Genetics of Diabetes and Its Complications

Abstract

Type 1 diabetes is the third most prevalent chronic disease of childhood, affecting up to 0.4% of children in some populations by age 30 yr, with an overall lifetime risk of nearly 1% (1,2). It is believed that a large proportion of cases of type 1 diabetes result from the autoimmune destruction of the pancreatic β cells, leading to complete dependence on exogenous insulin to regulate blood glucose levels (3). Type 1 diabetes is strongly clustered in families with an overall genetic risk ratio (the prevalence in siblings of a proband relative to the population prevalence, λ_S) of approximately 15 (4). (This compares with the less familial but more prevalent type 2 diabetes with λ_S of approximately 2).

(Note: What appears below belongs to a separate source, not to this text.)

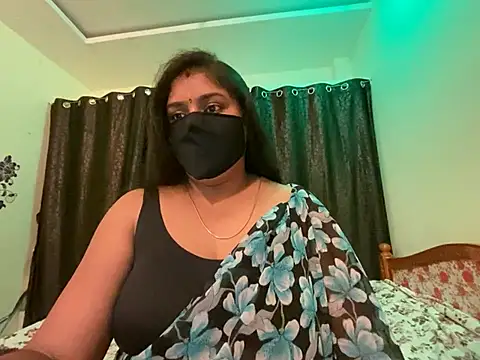 Love 4Sex online show from January 3, 5:28 am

At least one locus that contributes strongly to this familial clustering resides within the MHC on chromosome 6p21, which accounts for nearly 40% of the observed familial clustering of type 1 diabetes, with a locus-specific genetic risk ratio (λ_S) of approximately 3 (5). In a recent analysis of data from three previous genomewide scans (United States, United Kingdom, and Scandinavia) as well as new families collected for the Type 1 Diabetes Genetics Consortium (http://www.t1dgc.org), 1435 multiplex families provided evidence for linkage of type 1 diabetes to the MHC (IDDM1), insulin (INS, IDDM2), a region that contains several genes, including CTLA4 (2q31-q33 [IDDM12 and IDDM7]) and seven other chromosome regions (6).